Both Iran and North Korea have been exercising defensive realpolitik in their foreign policies.  George W Bush directly threatened both countries, in his ‘axis of evil’ speech, so they both pursued nuclear programmes as a deterrent against American aggression – as described later (7.4.2.3).

Robert D. Kaplan’s article, On foreign policy, Donald Trump is no realist, summarised a ‘realistic’ approach:

“the realist knows that he must work with … elemental forces rather than against them, he also knows, for example, that order comes before freedom and interests come before values.  After all, without order there is no freedom for anybody, and without interests a state has no incentive to project its values.”
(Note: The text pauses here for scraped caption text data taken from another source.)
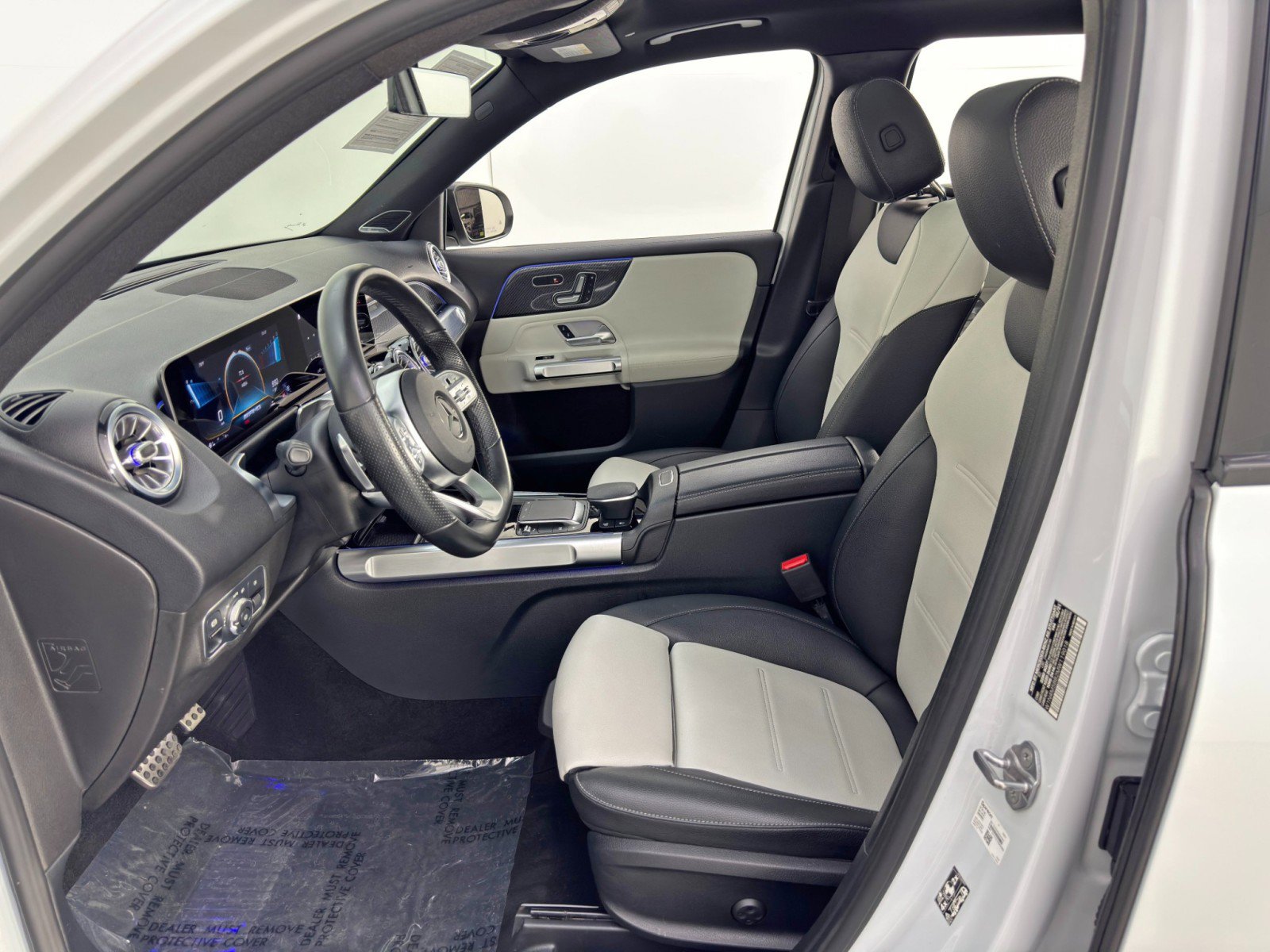 Used 2021 Mercedes-Benz GLB 35 AMG 4MATIC image 16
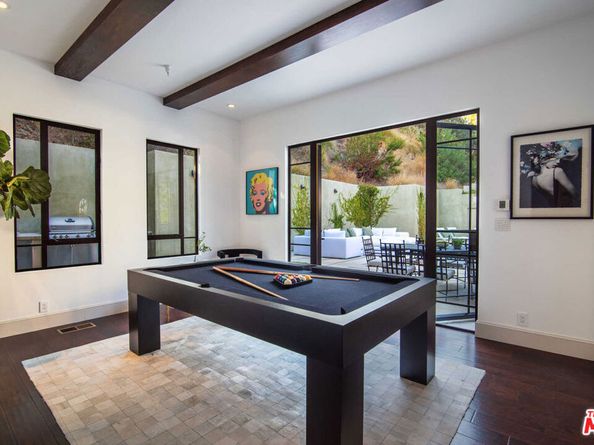 7801 Hillside Avenue, Los Angeles CA 90046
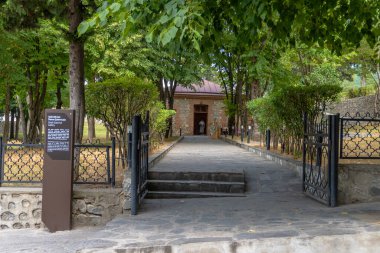 Seyahat ve turizm konsepti. Fotoğraf Sheki 'nin turizm potansiyelini anlatıyor. Sheki, Azerbaycan. 07.22.2025.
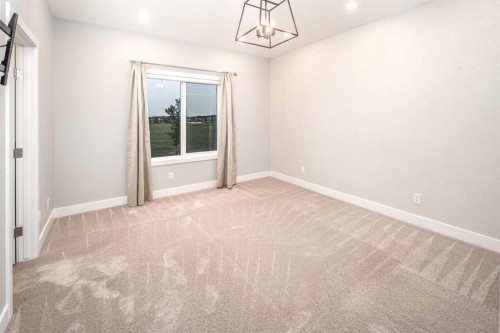 282 Masters Avenue Se, Calgary, AB 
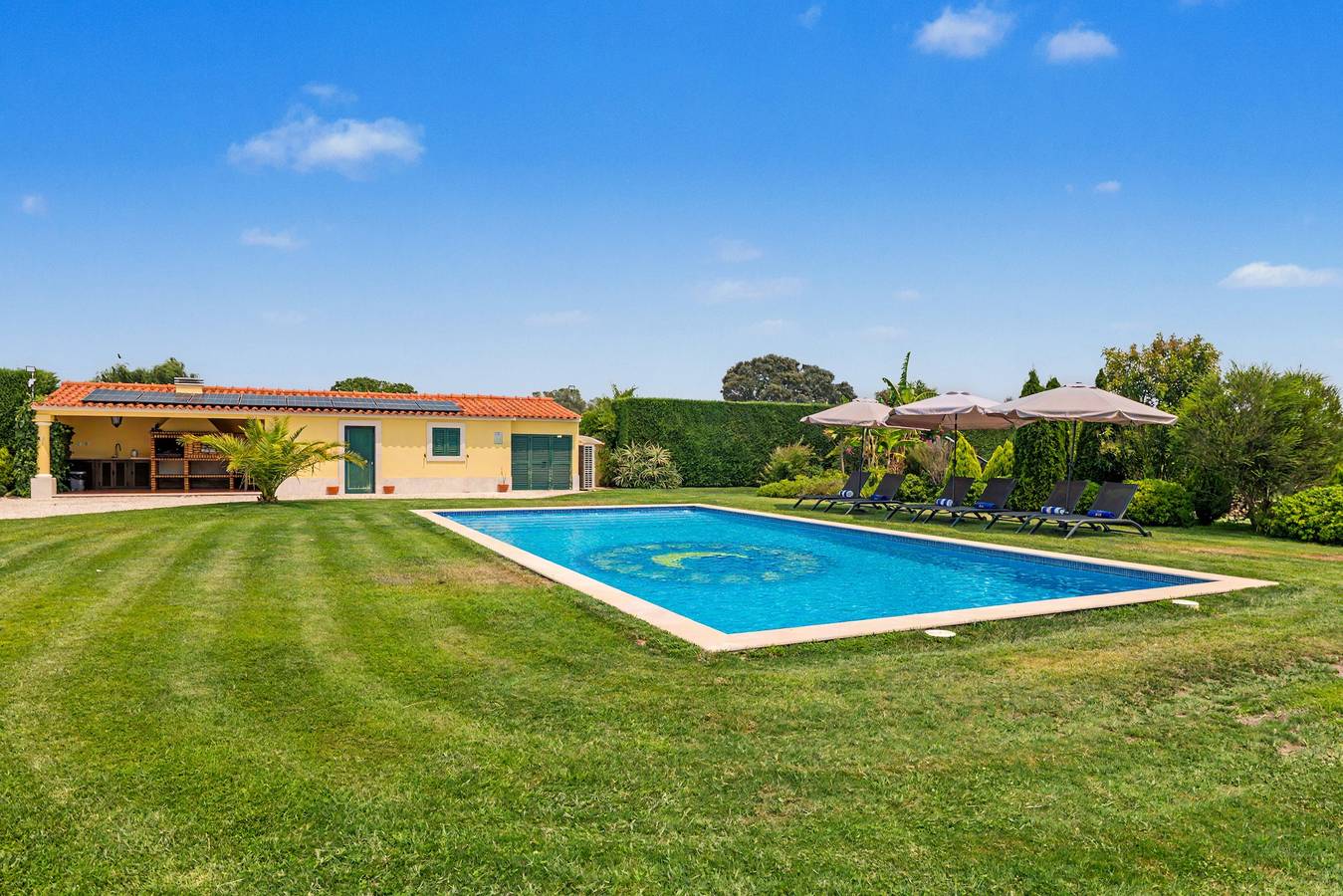 Holiday Home 'Rocha's House' with Private Pool, Private Terrace and Wi-Fi in Poceirão e Marateca, Setúbal Peninsula
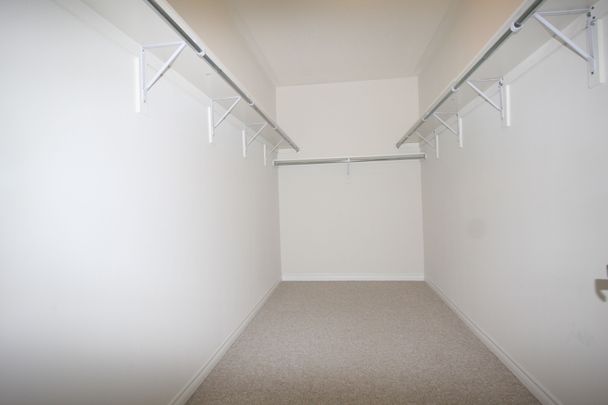 For Lease - 79 Mitchell Place, Newmarket, Ontario - Photo 1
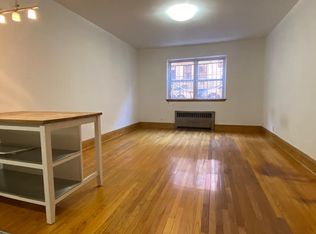 17 W 74th St APT 1A, New York, NY 10023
Whilst it seems reasonable to agree with the proposition that order comes before freedom, the use of the word ‘interests’ begs the question of where a country’s interests lie.  A realistic foreign policy has to take a prudent view of coercion (6.7.7.1), recognising that it might not work for very long and that it would undermine the country’s soft power (6.7.7.3).  Although Kaplan puts interests before values, it is the latter which give a country its soft power and its ability to project influence without resort to military force.

When choosing a foreign policy, and particularly when considering the use of military capability, it has to be recognised that ‘rogue States’ exist – so it seems prudent to plan for the best but be prepared for the worst.  Condoleezza Rice’s speech, The Power & Promise of American Realism, quoted American President Theodore Roosevelt’s dictum: “speak softly, and carry a big stick”.  Speaking softly allows a country to maintain its soft power, whilst it can rely on its military power as a form of deterrence to reduce the risks of being pushed to one side by an aggressive rival.

Authoritarian populist politicians (6.3.2.6) propose aggressive foreign policies as a way of appearing strong, to seduce a demoralised electorate.  The rhetoric used at the Presidential Candidate Donald Trump Rally in Sarasota, Florida, “stand up to China”, was an example of this.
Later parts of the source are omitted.